Elizabeth Ann Evans, Asst. Atty. Gen., Montgomery, Ala., for respondent.
Appeal from the United States District Court for the Northern District of Alabama.
Before TUTTLE, HENDERSON and HATCHETT, Circuit Judges.
TUTTLE, Circuit Judge:
Petitioner Dickerson, an Alabama state inmate, appeals from the denial of his petition for a writ of habeas corpus. Dickerson was arrested and charged with the robbery of approximately seventy-eight dollars worth of "Class A" drugs from a Scottsboro, Alabama drugstore. He was convicted in the Circuit Court of Alabama, Jackson County, and sentenced to imprisonment for a period of thirty years. This conviction was affirmed in a written opinion issued by the Alabama Court of Criminal Appeals. 362 So.2d 1322 (Ala.Cr.App.1978).
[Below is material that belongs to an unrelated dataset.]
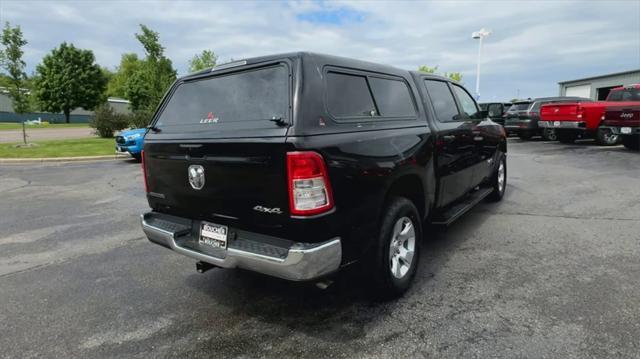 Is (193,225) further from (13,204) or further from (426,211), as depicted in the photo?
(13,204)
The Alabama Supreme Court denied certiorari on January 16, 1979.
Dickerson then filed a petition for writ of error coram nobis, alleging fifteen grounds in support of his petition. Finding that all but two of these grounds had been decided against Dickerson on direct appeal, the state court took evidence on the remaining two issues and denied the petition on March 1, 1979. Such denial was affirmed without opinion by the Alabama Court of Criminal Appeals on August 21, 1979. The Alabama Supreme Court denied certiorari on September 25, 1979.
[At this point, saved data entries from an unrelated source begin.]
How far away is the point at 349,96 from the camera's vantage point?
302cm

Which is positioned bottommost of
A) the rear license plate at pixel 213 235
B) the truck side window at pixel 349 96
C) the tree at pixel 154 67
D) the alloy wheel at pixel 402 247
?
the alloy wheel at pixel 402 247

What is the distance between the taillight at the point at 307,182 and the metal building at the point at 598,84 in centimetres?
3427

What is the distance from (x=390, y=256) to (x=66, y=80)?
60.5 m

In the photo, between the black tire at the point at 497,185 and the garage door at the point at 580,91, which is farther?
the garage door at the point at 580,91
Having exhausted his state court remedies, Dickerson filed a pro se petition for writ of habeas corpus in the United States District Court for the Northern District of Alabama. This petition alleged seven grounds for reversal of his conviction. After ordering the State of Alabama to transmit a copy of the state court's coram nobis transcript, the district court entered a memorandum opinion denying Dickerson's petition without an evidentiary hearing. The district court found that six of these seven grounds 1 had been decided against Dickerson in his direct appeal to the Alabama Court of Criminal Appeals, and that the Alabama Court's written opinion was adequately supported by the record.
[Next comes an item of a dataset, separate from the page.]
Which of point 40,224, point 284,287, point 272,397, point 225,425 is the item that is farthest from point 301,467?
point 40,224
Dickerson now appeals from the denial of his petition raising two substantive issues. 2 First, he alleges that his Sixth and Fourteenth Amendment rights to compulsory process were violated when the state court refused to grant a continuance to enable him to procure the attendance of an alibi witness. Second, Dickerson contends that he was deprived of his constitutional right to an impartial jury when it was discovered after trial that one of the jurors who worked in the police department had typed the investigating officer's report in this case.
I. THE RECORD ON APPEAL
Before reaching the merits of Dickerson's claims, we must address the rather unusual problems which have arisen concerning the record in this case. In its order denying Dickerson's petition, the district court stated that the state appellate court's opinion was adequately supported by the record. Upon our review of the record on appeal, we discovered that the district court could not have properly made such a determination since the state court trial transcript in
this case was never made a part of the habeas corpus record. Instead, the district court had before it only the transcript of the state coram nobis proceedings which did not contain an independent review of the issues decided by the state appellate court and raised in the federal habeas corpus action. 3 In his appellate brief, Dickerson recites several legally significant facts which can be found in the state trial transcript but which were omitted from the state appellate opinion on which the district court relied.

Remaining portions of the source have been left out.